If there is no bus number available for the downstream bus of the
hot-plugged bridge, pci_hp_add_bridge() will fail. The driver proceeds
regardless, and the kernel crashes.

Abort if pci_hp_add_bridge() fails.

Fixes: 0eb3bcfd088e ("[PATCH] pciehp: allow bridged card hotplug")
Signed-off-by: Nam Cao <[email protected]>
Cc: Rajesh Shah <[email protected]>
Cc: <[email protected]>
---
drivers/pci/hotplug/pciehp_pci.c | 9 +++++++--
1 file changed, 7 insertions(+), 2 deletions(-)

diff --git a/drivers/pci/hotplug/pciehp_pci.c b/drivers/pci/hotplug/pciehp_pci.c
index ad12515a4a12..faf4fcf2fbdf 100644
--- a/drivers/pci/hotplug/pciehp_pci.c
+++ b/drivers/pci/hotplug/pciehp_pci.c
@@ -58,8 +58,13 @@ int pciehp_configure_device(struct controller *ctrl)
goto out;
}

- for_each_pci_bridge(dev, parent)
- pci_hp_add_bridge(dev);
+ for_each_pci_bridge(dev, parent) {
+ if (pci_hp_add_bridge(dev)) {
+ pci_stop_and_remove_bus_device(dev);
+ ret = -EINVAL;
+ goto out;
+ }
+ }

pci_assign_unassigned_bridge_resources(bridge);
pcie_bus_configure_settings(parent);
--
2.39.2



2024-05-03 21:25:53

by Bjorn Helgaas

[permalink] [raw]
Subject: Re: [PATCH 2/4] PCI: pciehp: bail out if pci_hp_add_bridge() fails

[+cc Lukas]

On Fri, May 03, 2024 at 09:23:20PM +0200, Nam Cao wrote:
> If there is no bus number available for the downstream bus of the
> hot-plugged bridge, pci_hp_add_bridge() will fail.

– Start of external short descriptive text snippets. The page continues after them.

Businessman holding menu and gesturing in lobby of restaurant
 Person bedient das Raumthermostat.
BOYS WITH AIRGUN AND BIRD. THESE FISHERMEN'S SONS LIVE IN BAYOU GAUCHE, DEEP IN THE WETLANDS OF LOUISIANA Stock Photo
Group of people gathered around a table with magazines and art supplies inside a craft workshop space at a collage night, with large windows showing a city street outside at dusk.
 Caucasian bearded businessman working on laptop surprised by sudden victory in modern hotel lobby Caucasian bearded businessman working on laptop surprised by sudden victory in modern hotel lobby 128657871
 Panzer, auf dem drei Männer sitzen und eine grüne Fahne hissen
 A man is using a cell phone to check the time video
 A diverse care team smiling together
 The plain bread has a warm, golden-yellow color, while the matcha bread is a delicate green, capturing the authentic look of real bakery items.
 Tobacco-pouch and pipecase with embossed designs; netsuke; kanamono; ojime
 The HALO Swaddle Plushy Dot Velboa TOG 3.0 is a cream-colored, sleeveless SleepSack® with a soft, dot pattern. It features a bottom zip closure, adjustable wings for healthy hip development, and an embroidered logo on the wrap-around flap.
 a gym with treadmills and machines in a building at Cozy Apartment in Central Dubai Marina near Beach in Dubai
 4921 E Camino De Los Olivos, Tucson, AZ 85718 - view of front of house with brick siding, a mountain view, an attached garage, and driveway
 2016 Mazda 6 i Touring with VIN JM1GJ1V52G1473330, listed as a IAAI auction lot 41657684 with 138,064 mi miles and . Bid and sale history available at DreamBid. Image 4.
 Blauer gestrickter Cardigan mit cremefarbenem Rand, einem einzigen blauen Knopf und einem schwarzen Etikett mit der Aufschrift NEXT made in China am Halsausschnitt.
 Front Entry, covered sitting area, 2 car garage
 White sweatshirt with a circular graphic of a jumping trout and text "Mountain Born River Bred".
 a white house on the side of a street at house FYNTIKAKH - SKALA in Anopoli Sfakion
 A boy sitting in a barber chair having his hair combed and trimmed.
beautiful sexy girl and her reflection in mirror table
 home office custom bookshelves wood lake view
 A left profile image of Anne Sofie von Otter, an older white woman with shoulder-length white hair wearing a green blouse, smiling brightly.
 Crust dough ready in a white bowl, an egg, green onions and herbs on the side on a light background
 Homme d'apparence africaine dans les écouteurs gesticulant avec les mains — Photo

The driver proceeds
> regardless, and the kernel crashes.
>
> Abort if pci_hp_add_bridge() fails.

Thanks for this and for the details in the cover letter. The cover
letter doesn't get directly preserved and connected to the git commit,
so please include some of the details here in the commit log.

I don't think we need *everything* from the cover letter; just enough
of the messages to show what went wrong and how the kernel crashed, so
somebody who trips over this can connect the crash with this fix. And
the timestamps are not relevant, so you can strip them out. The qemu
repro case is useful too, thanks for that!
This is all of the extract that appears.